Maître Claire Mathieu, conseil de Roland André Marjamaa, estimait que son client était tombé « dans une machine à broyer qui broie les victimes mais également celles et ceux qui sont utilisés pour faire le sale travail. Il a eu le temps, depuis ces braquages, de prendre du recul, de réfléchir à ses actes, et sa personnalité nous laisse penser qu’il ne se retrouvera plus jamais dans une telle cour ».

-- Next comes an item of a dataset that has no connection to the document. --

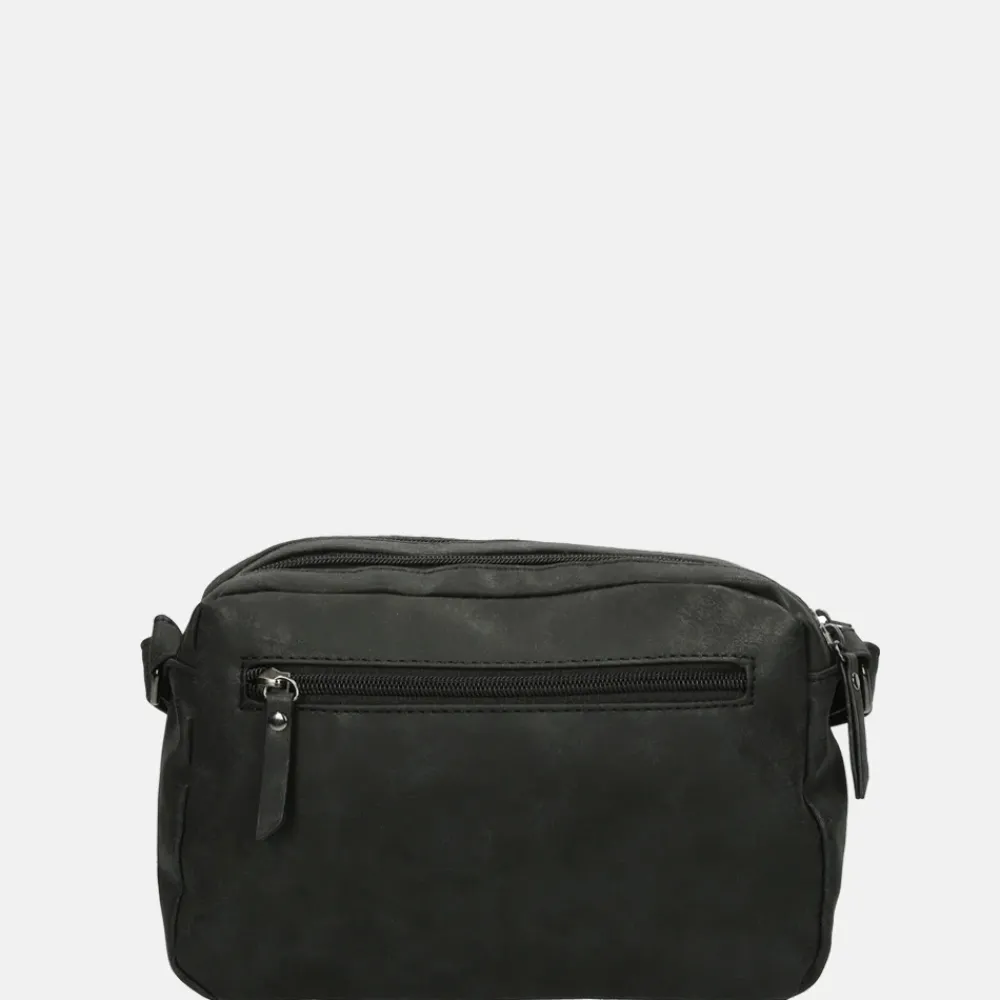 Crossbody Tassen^Enrico Benetti Noumea crossbody tas zwart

Il faut avoir l’honnêteté intellectuelle d’avouer que l’on n’a aucune idée de tout ce qui s’est passé en Estonie
Maître Morgane de Peretti
L’avocate de Riivo Nugis, Maître Morgane de Peretti, a pour sa part axé sa défense sur les « lacunes » du dossier. « On a cité, au cours de ce procès, énormément de noms de gens en Estonie. Mais on n’a pas diligenté d’enquête particulière, on est resté avec ce que l’on avait sous la main. Il faut avoir l’honnêteté intellectuelle d’avouer que l’on n’a aucune idée de tout ce qui s’est passé en Estonie».
Pour l’avocate, son client était un coupable idéal, alors qu’il n’y avait « aucune preuve que Monsieur Nugis s’est occupé d’autre chose que de la logistique ».
Alors que la cour donnait une dernière fois la parole aux accusés, qui présentaient de nouveau leurs excuses aux victimes des braquages, Niivo Nugis s'était montré plus loquace que lors des journées d’audience précédentes.
« Ne me voyez pas comme une personne entièrement mauvaise. Il y a du bon en moi. Essayez de me pardonner, s’il vous plaît ».
La cour, qui s'est montrée sensiblement plus sévère que le ministère public pour les quatre accusés, n'a semble-t-il pas été convaincue par le mea culpa des trois Estoniens (le quatrième, Marek Viidemann, a été jugé en son absence).